**Activity:** Your copy begins at the line with "Woman Wide Leg Woven Trousers" and runs through the end of the data below. Set down only those lines exactly, without pictures.

[Stored items]
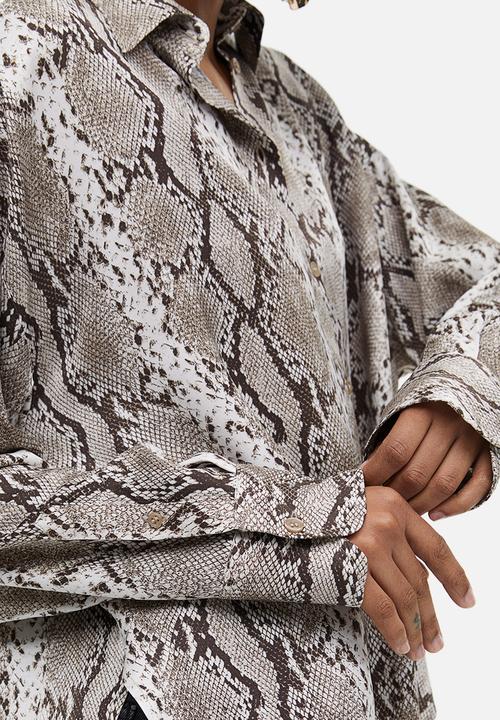 H&M - Oversized satin blouse - beige snakeskin-patterned 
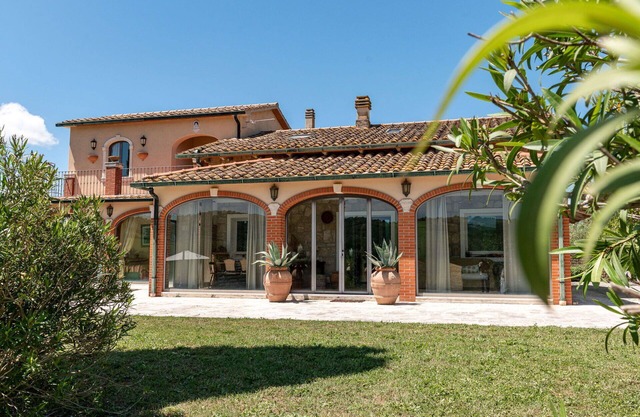 Casa de vacaciones privada con A/C, piscina privada, WIFI, patio, mascotas permitida, aparcamiento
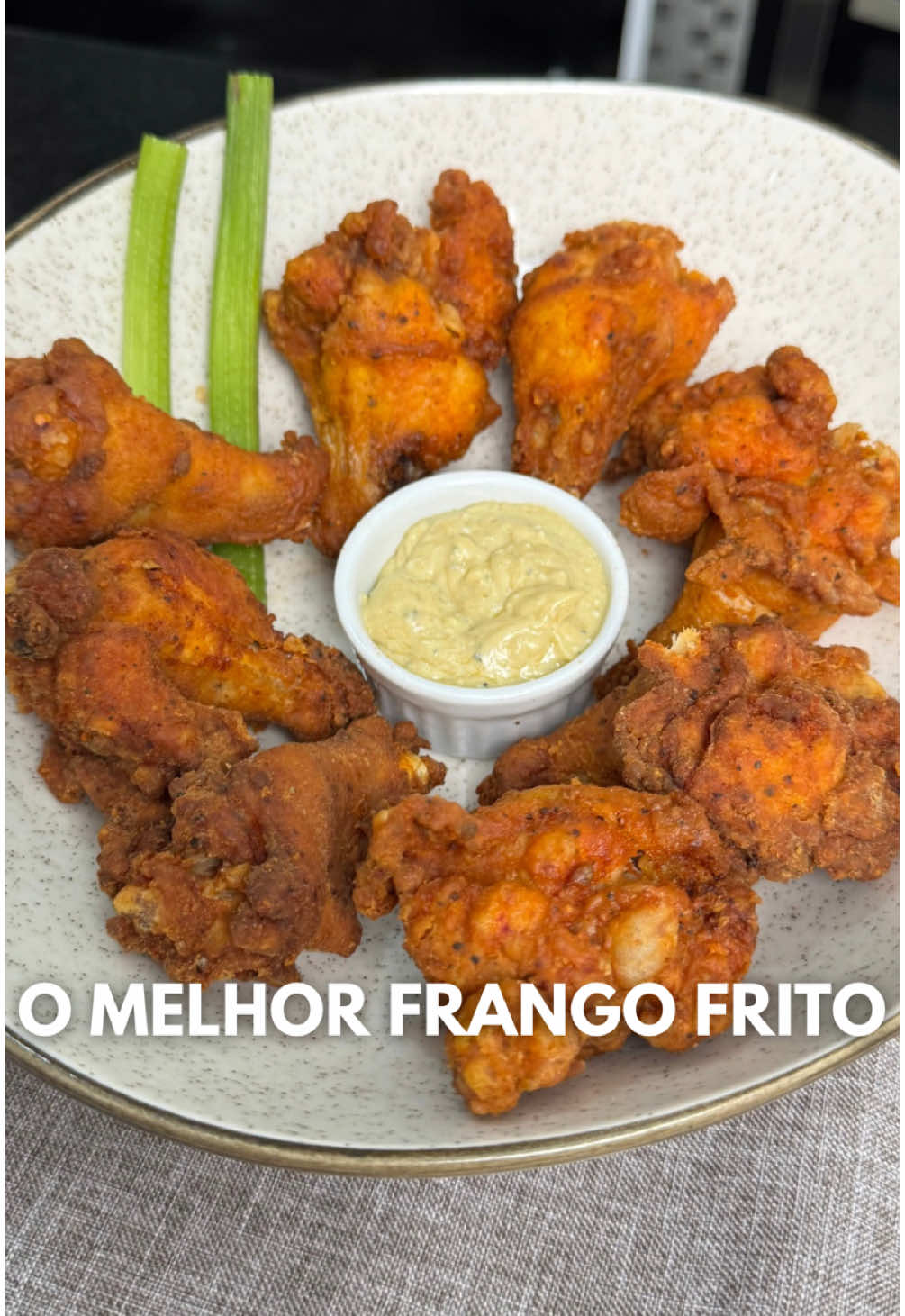 O MELHOR FRANGO FRITO 🍗 Ingredientes: Dry rub: 2 col de Lemmon Pepper 2 col de cebola em pó  2 col de páprica defumada  1 col de pimenta caiena  1 col de pimenta calabresa  6 col de sal  Não ha necessidade de usar todo tempero nessa receita. Irá sobrar e você pode usar em todo preparo com frango. Caso queira menos picante, diminuir as pimentas. #receita me#receitafacil #receitasaudavel #receitabarata #frangofrito 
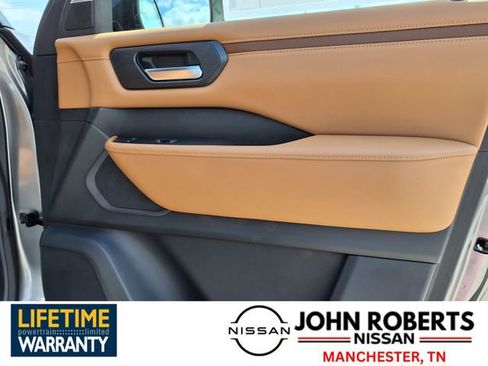 New 2026 Nissan Armada SL w/ Captain's Chari Seat Package image 19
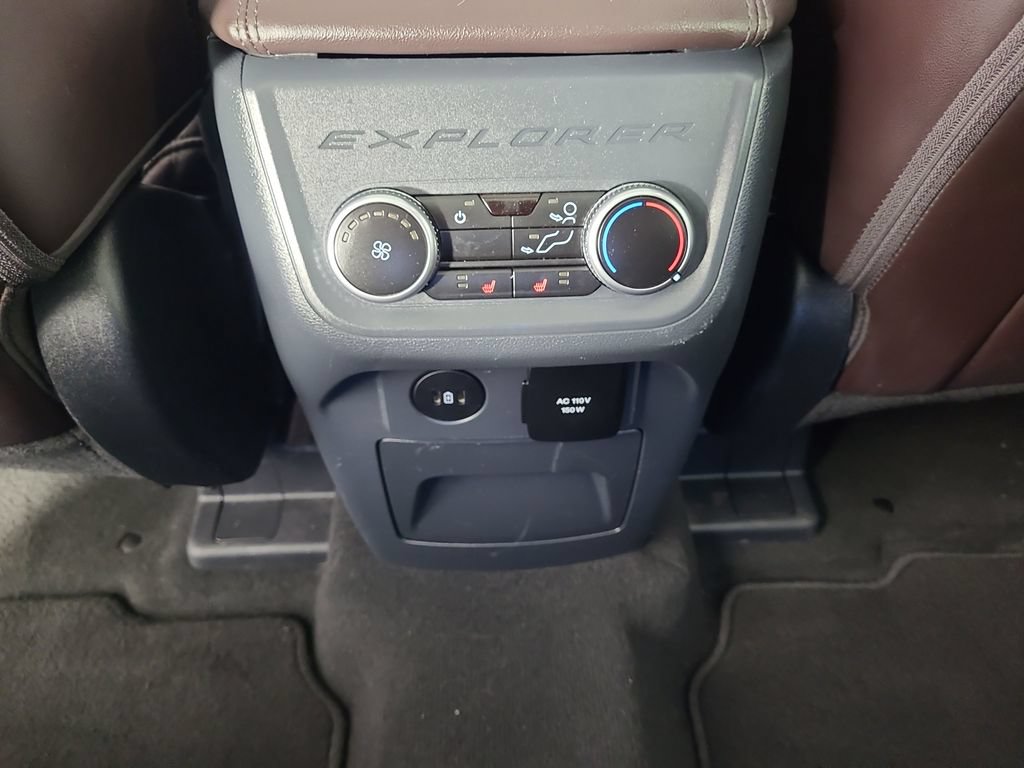Used 2025 Ford Explorer Platinum w/ LUX Leather Package AWD/4WD image 18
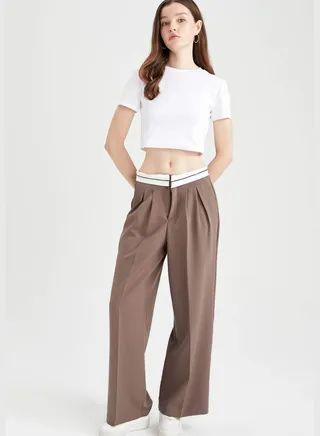 Woman Wide Leg Woven Trousers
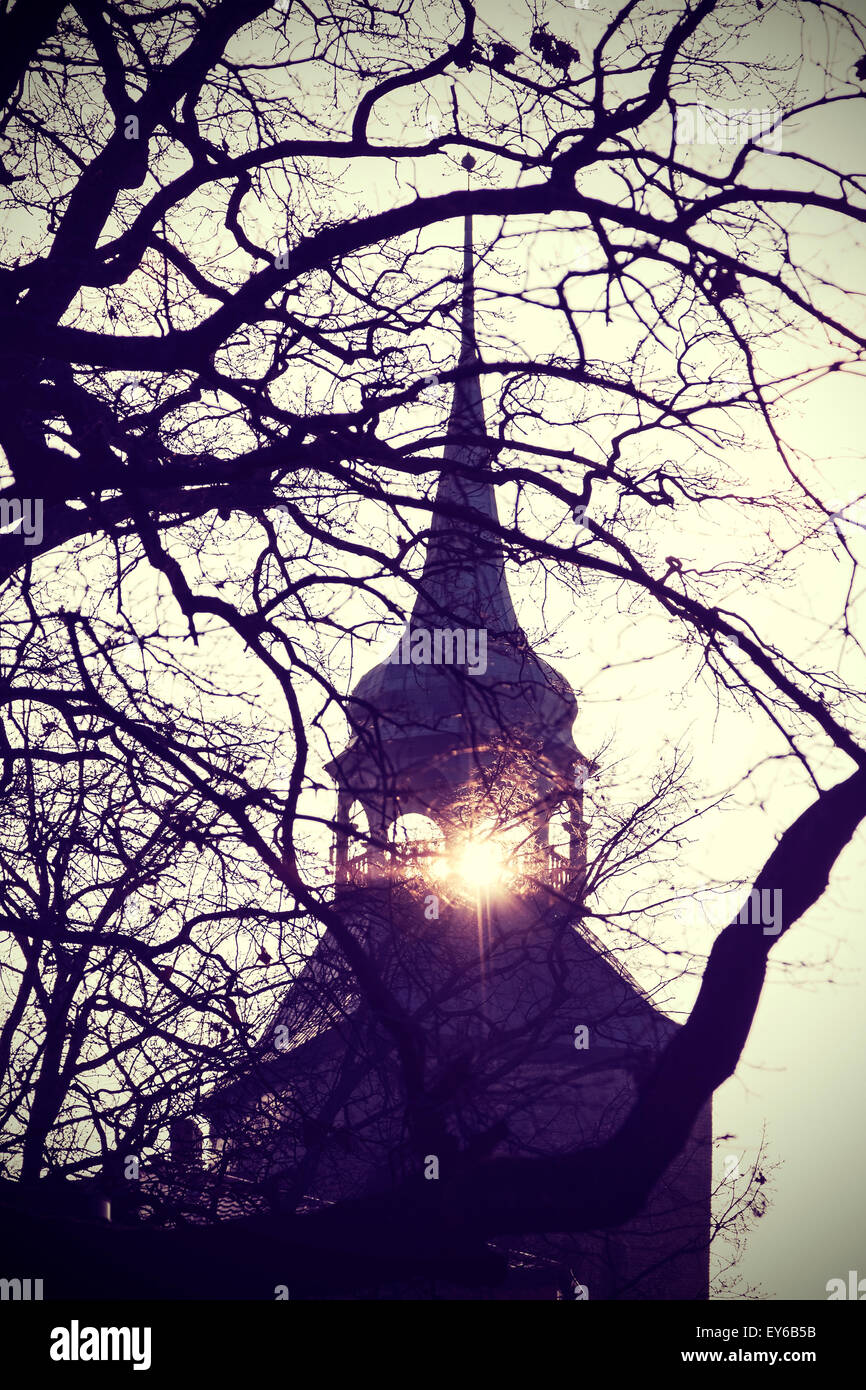 Vintage Instagram gefilterte Foto geheimnisvoll oder beängstigend Kirchenglocke Turm-Silhouette bei Sonnenuntergang. Stockfoto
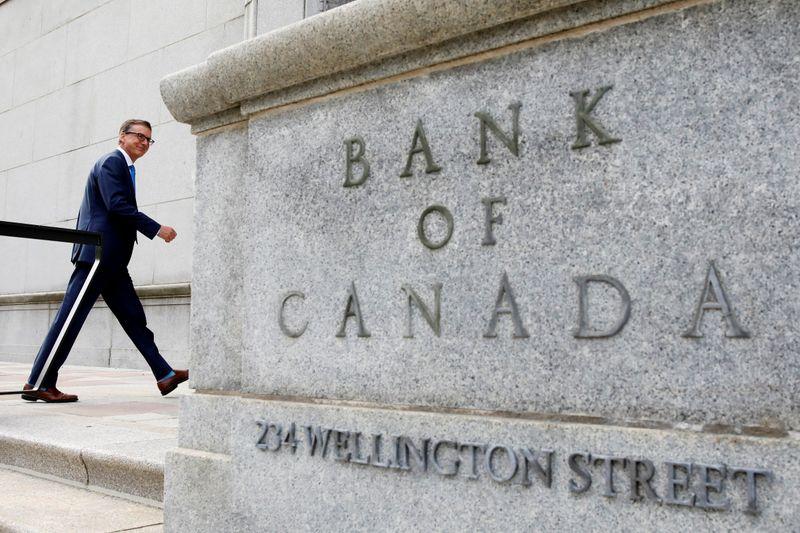 Central banks must talk directly to public to stem misinformation Bank of Canada governor
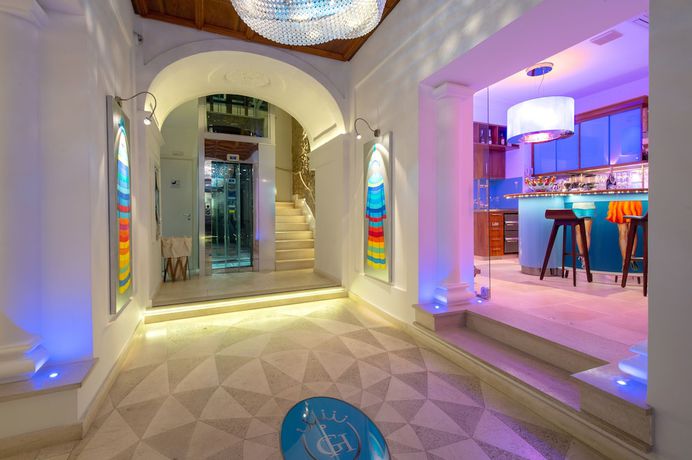 Imagen de los interiores del Hotel Piccolo Grand Hotel. Foto 19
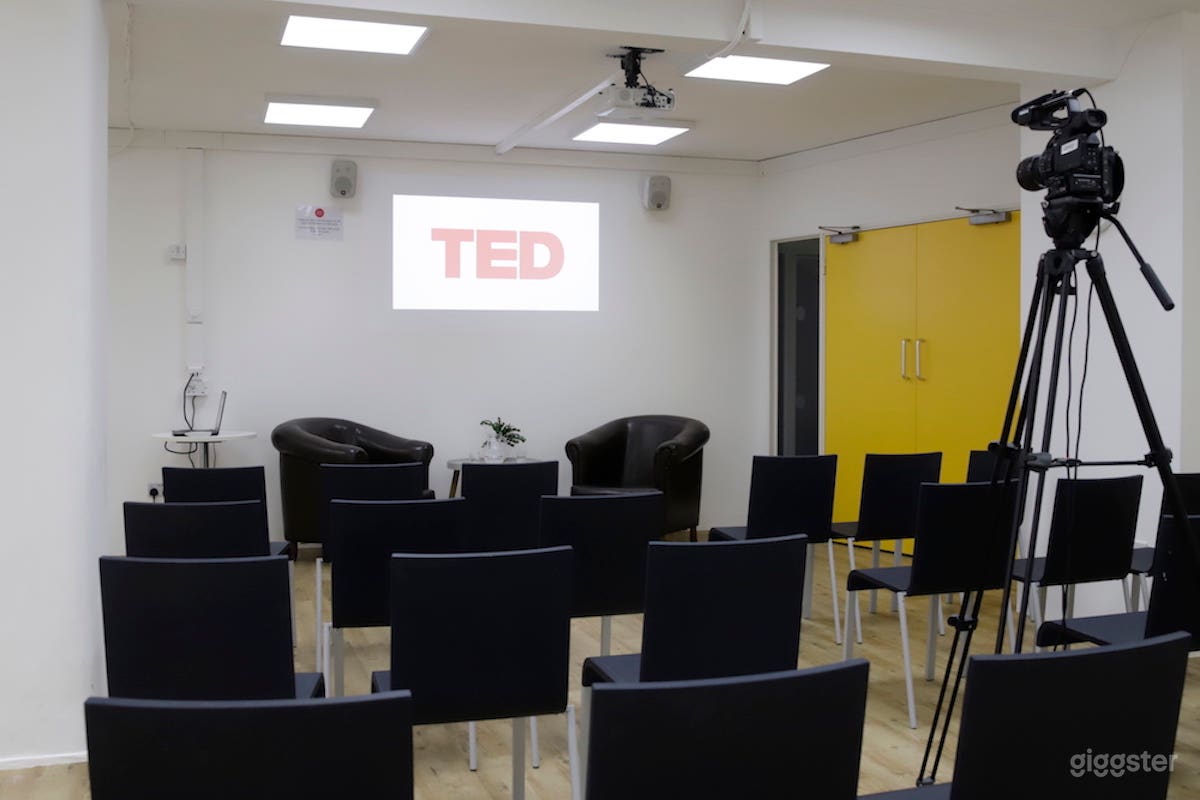 Studio Room - Theatre Presentation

**Response below:**
 Woman Wide Leg Woven Trousers
 Vintage Instagram gefilterte Foto geheimnisvoll oder beängstigend Kirchenglocke Turm-Silhouette bei Sonnenuntergang. Stockfoto
 Central banks must talk directly to public to stem misinformation Bank of Canada governor
 Imagen de los interiores del Hotel Piccolo Grand Hotel. Foto 19
 Studio Room - Theatre Presentation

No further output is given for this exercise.